Adam Trimingham paints a grim picture of the way we took our holidays in the Fifties (The Argus, August 10).

While this is his view as a visitor to Brighton in those days, as a resident at that time I remember things rather differently.

Yes, there was rationing and shortages but Brighton was buzzing in the late-Forties and the Fifties.

Both piers had been repaired (they had had sections blown out of them during the war to stop them being used as landing stages by the enemy) and were open again.

Volk's Electric Railway had been reconstructed and was conveying happy holidaymakers to the Black Rock swimming pool.

The Sports Stadium (SS Brighton) in West Street offered ice-skating and spectacular ice shows and the Brighton Tigers were playing ice hockey again.

There were six theatres showing professional shows - the Theatre Royal, Dolphin, Grand, Hippodrome, Imperial and Palace Pier.

My own interest in amateur drama was catered for by at least 18 dramatic and musical societies.

We were spoilt for choice of films to see at 16 cinemas and dancing was available at the Regent (over the cinema), Princes Hall (at the Aquarium) and Sherry's in West Street.

There was also open-air dancing on the end of the Palace Pier and at the Hove Bandstand.
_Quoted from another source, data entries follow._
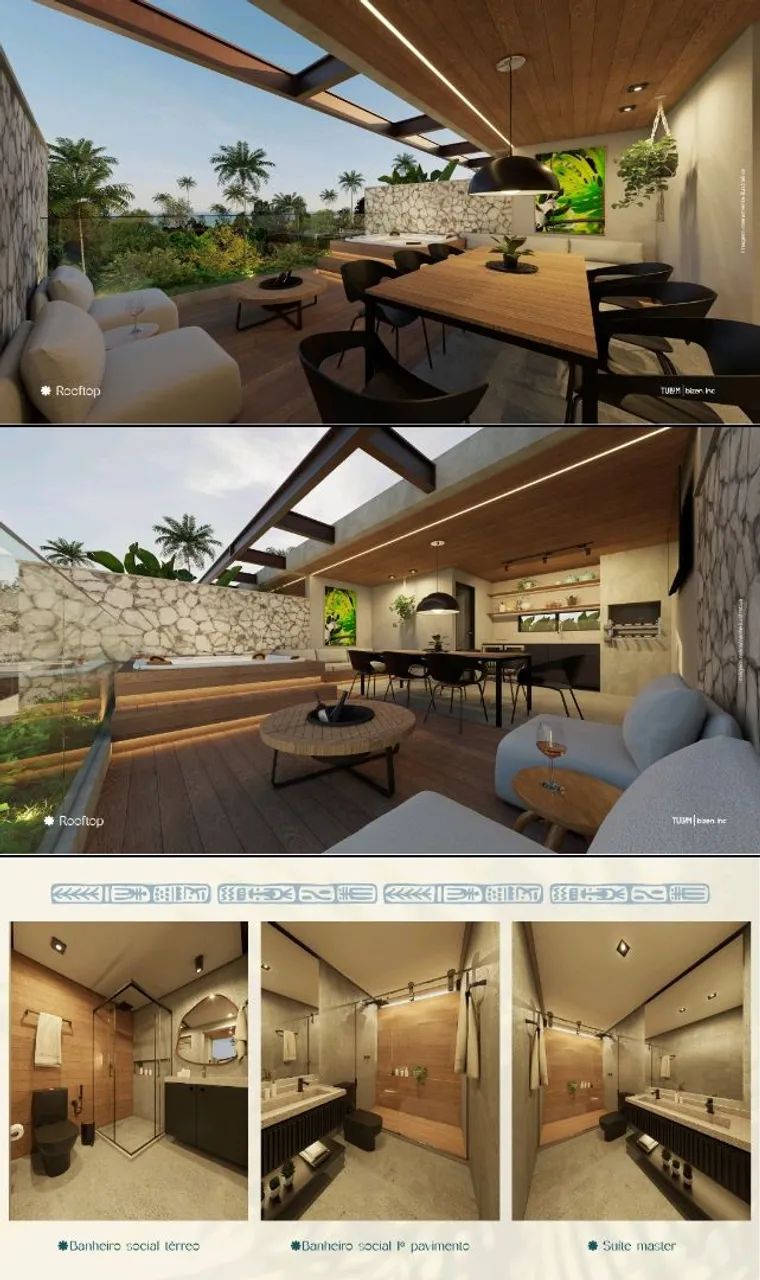 Lenildo Terto VENDE TULUM Lançamento na Barra Nova  - Foto 3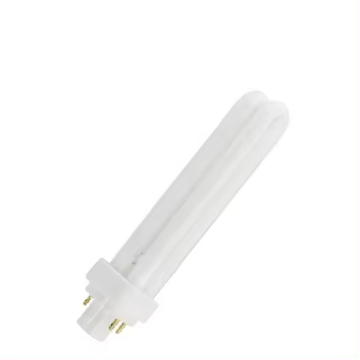 U Shape Plug-In CFL Fluorescent Lamps - 10W to 26W, G24D & G24Q Base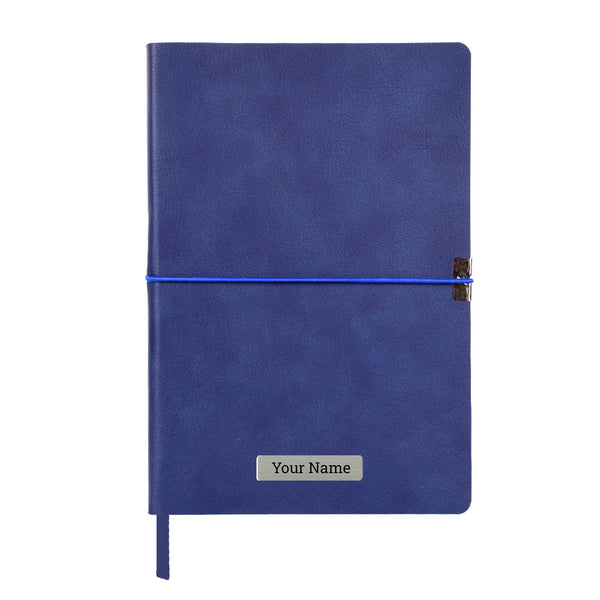 Personalized Windsor Blue CNCT Notebook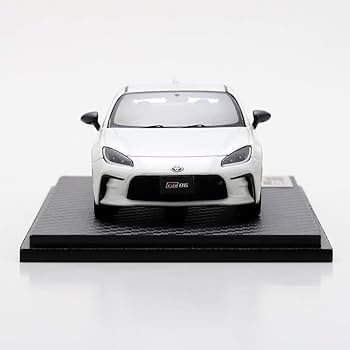 Amazon.co.jp: 1／43スケール GR86 コレクションモデル（クリスタル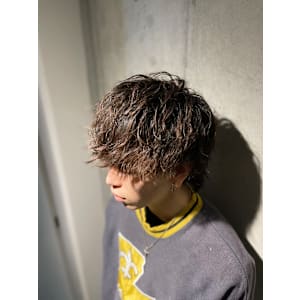 ソフトツイストウルフ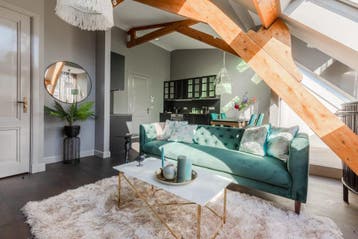 Appartement Pieter Cornelisz. Hooftstraat in Amsterdam, Noord-Holland, Appartement, Amsterdam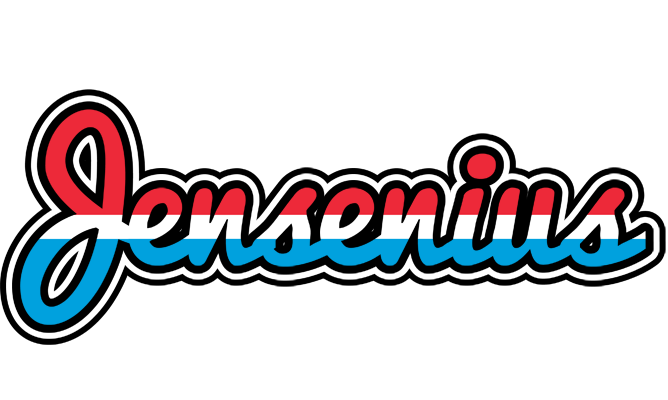 Jensenius norway logo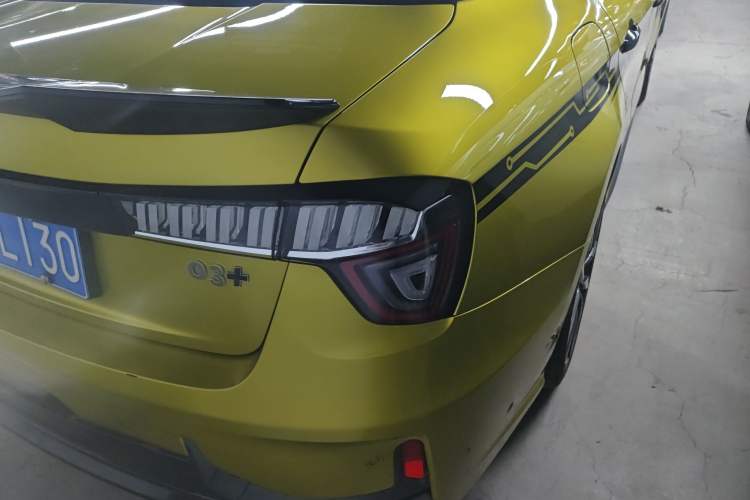 Used Lynk & Co 03 2019 03+ 2.0TD Automatic Wind-Chasing Edition
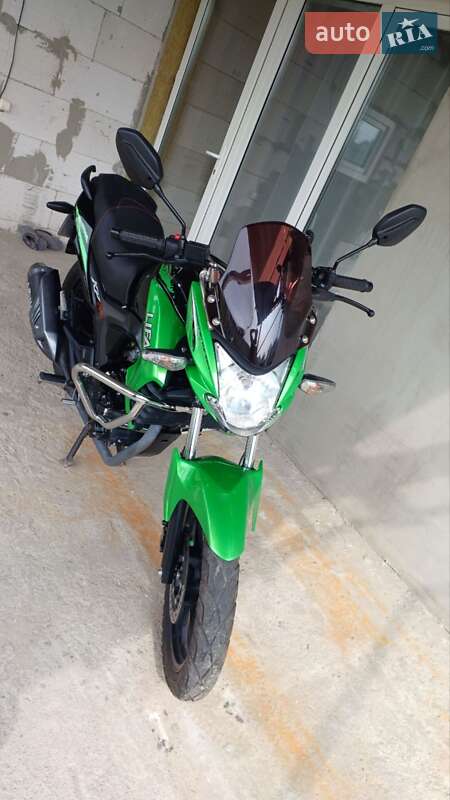 Мотоцикл Классик Lifan KP 200 2024 в Житомире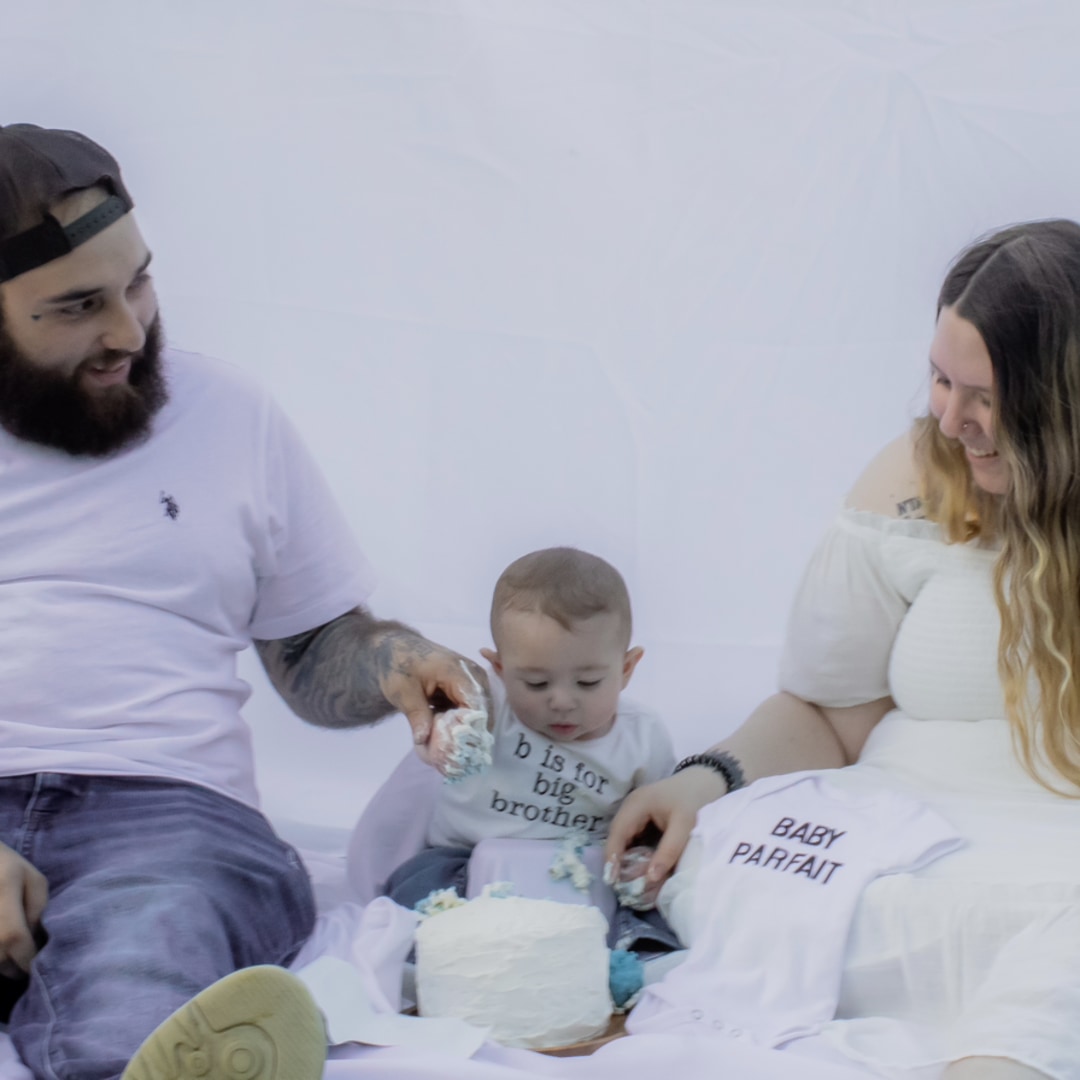 Photo shared by Dasia for their Babylist baby registry.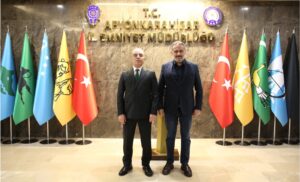 Afyonkarahisar İl Emniyet Müdürlüğü, yakın tarihimizin darbeler gölgesinde geçen dönemlerini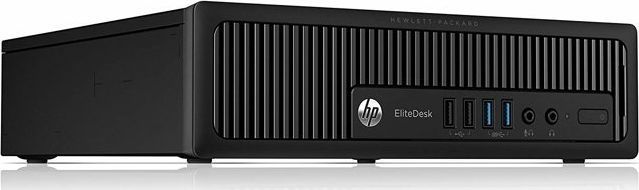 Komputer HP EliteDesk 800 G1 USDT Intel Core i5-4570S 4 GB 500 GB HDD Windows 10 Pro 1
Yes, we did roll our trousers up to paddle (no man would be seen dead in shorts in those days), sit in deck chairs and even take our ties off - and we knotted the corners of handkerchiefs to use as hats to protect us from the sun - but we loved it. This was before the era of cheap foreign holidays, so visitors came to Brighton to stay for a fortnight in hotels and boarding houses.

There was full employment and they had money in their pockets. They would go for rides along the front on the open-top cream No 17 buses of Brighton Hove and District or up to Devil's Dyke on the green Southdown buses.

Cheap day return fares to London were on sale for five shillings (25p) and there were equally cheap coach excursions.

This was not a time of misery but of optimism. After six years of war, England was breaking out of the gloom and returning to its traditional playground - the seaside.